[quote=RomanRiteTeen]My grandmother says this often, usually presenting it as her reason for being a Protestant. Often our conversations go like this:
G: "Catholics do not believe in God’s Grace!"
Me: "But we do…"
G: "No you do not. All I no is that when I was 11, and when I was saved, God has always been with me!“
G: *stubbornly walks away and/or shrugs of what I else I say”
How do I counter this? I think she would be convinced if she saw some sort of Church Document, or heard a ‘good’ argument. Any suggestions?
Assuming that you are quoting her correctly, the one statement…
G: “No you do not. All I no is that when I was 11, and when I was saved, God has always been with me!”
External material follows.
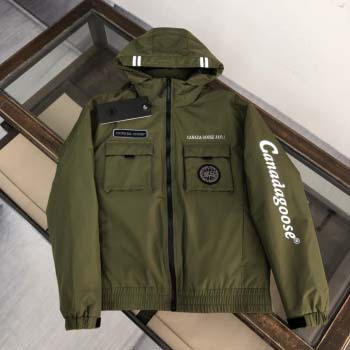 2022年9月秋冬高品質人気新作Canada Goose  ...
…makes it sound like your grandmom’s position is, “Once saved, always saved, by God’s grace; Catholics don’t believe in ‘once saved, always saved’; therefore, Catholics don’t believe in God’s grace!”
In fact, the gospels condemn this position, first by implicitly condemning once saved, always saved, in the Parable of the Ten Virgins; and second by condemning certainty of future salvation in the Parable of the Pharisee and the Publican.
In the Parable of the Ten Virgins, Matrthew 25:1-13, there are two groups of virgins. Each has “five (5)” virgins, where each virgin in each group has a “lighted lamp.” Five = “Christ.” “Lighted lamp” = Fire Type = “a special presence of God.” So, the parable gives us a double assurance that each group starts out saved in the parable. One group nonetheless ends up locked-out of the feast. I.e., the lost their salvation. This is clearly not “once saved, always saved.”
In the Parable of the Pharisee and the Publican, the Publican has one redeeming social value – he is humble enough to suspect that he is damned. Christ says that he is saved. The Pharisee, on the other hand, fasts twice a week, prays in the Temple, and tithes. He clearly believes that he is saved. Christ declares him “unjustified” – damnable.
Whom does your grandmom most resemble?